By Leon Scott Baxter
We’re not nearly as bright as we’d like to think we are. The proof is in the prices we’ll pay—the cost of South Coast homes is outrageous, and you need to hock a major kitchen appliance to fill up your tank with a few gallons of unleaded. We complain about the absurd prices, but end up forking over the money anyway. And as long as we continue to pay, businesses will keep on charging us.
I’m as guilty as the next fellow. A month ago, I was watching Judge Judy on TV when a Kmart commercial cut in announcing, “Dollar Days—Four days only at Kmart.” All I remembered of the ad was a can of Folgers coffee and some Martha Stewart pillows. I don’t drink coffee, and I still use the same pillow I had when I lived with my parents, but a dollar? Couldn’t pass it up. After the honorable judge screamed at the defendant, “I’m talking!” and “What, do you think I was born yesterday?!” I rushed to my local Kmart. I found a can of Folgers for $4 and a Martha Stewart pillow for $6, but where were the advertised dollar specials?
Luckily for me an assistant manager was passing by. “Excuse me, isn’t it Dollar Days?” I asked. “Where are all of the dollar deals?” She replied: “Have you seen the coffee and pillows?” I told her I had and the prices were four and six dollars, respectively. She nodded her head, “Right. Four dollars. Six dollars. Hence, ‘Dollar Days.’”

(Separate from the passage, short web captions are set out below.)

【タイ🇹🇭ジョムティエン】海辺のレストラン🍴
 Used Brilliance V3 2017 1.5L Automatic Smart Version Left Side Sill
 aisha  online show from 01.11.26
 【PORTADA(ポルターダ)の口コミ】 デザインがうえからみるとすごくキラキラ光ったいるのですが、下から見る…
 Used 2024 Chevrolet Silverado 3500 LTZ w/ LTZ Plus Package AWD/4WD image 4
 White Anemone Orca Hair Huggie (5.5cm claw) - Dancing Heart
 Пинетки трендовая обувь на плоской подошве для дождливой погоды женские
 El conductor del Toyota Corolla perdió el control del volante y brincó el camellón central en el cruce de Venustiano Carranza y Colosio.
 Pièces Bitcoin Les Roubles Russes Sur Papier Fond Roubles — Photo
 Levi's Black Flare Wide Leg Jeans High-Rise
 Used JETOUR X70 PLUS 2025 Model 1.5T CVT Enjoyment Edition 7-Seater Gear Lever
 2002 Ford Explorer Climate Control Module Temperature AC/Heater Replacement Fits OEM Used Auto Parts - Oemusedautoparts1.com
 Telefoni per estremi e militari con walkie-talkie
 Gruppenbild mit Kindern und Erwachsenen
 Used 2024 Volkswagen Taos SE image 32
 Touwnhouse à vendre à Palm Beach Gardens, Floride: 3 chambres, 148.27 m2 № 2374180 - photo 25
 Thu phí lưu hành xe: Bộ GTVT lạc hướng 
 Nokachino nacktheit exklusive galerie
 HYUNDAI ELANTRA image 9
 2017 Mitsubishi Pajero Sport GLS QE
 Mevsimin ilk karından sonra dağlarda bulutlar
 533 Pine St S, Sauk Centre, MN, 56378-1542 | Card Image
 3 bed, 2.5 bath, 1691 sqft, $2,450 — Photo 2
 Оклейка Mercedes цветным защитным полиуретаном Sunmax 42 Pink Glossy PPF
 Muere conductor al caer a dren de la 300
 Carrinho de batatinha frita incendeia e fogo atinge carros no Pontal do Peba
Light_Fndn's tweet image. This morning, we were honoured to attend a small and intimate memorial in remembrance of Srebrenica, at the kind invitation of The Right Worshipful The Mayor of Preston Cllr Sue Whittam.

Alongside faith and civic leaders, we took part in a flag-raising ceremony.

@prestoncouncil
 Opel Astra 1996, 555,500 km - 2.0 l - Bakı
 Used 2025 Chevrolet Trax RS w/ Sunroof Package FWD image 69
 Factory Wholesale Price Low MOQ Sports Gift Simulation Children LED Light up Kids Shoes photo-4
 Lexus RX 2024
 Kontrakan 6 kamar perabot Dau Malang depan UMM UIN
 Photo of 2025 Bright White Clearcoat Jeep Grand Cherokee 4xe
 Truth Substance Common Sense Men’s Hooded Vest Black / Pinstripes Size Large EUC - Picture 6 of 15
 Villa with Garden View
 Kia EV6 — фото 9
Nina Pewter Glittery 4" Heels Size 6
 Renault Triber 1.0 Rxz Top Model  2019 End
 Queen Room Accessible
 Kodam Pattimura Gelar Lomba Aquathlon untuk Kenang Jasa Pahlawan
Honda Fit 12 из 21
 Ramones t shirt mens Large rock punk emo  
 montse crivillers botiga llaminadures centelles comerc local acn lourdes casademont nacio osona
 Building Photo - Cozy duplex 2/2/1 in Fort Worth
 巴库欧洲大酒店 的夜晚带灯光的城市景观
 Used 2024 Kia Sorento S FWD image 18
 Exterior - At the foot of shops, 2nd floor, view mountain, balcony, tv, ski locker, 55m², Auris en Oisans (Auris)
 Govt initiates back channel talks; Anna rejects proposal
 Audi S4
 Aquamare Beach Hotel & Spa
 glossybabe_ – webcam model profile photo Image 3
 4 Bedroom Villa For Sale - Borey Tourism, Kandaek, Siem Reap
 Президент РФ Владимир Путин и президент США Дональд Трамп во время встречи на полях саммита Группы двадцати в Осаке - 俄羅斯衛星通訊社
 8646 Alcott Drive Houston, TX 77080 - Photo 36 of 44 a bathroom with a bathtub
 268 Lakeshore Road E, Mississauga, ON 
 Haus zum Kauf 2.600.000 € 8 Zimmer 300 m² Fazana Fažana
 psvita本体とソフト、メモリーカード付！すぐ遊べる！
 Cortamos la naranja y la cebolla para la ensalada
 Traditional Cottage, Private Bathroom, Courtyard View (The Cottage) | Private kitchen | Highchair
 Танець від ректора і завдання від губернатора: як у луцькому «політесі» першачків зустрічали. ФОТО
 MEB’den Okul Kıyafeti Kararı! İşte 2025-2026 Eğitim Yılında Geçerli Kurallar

I was under the impression that I’d be getting incredible savings, but Dollar Days was merely an attempt at alleviating the strenuous task of making change (“Hey, Charlie! We’re out of dimes. Break out the Dollar Days banner!”). I could have bought the Folgers elsewhere for $3.69, but the thought of coming home with no loose change was too inviting. So, now I’ve got a can of Joe, an extra pillow, and an empty penny jar. I can blame only myself.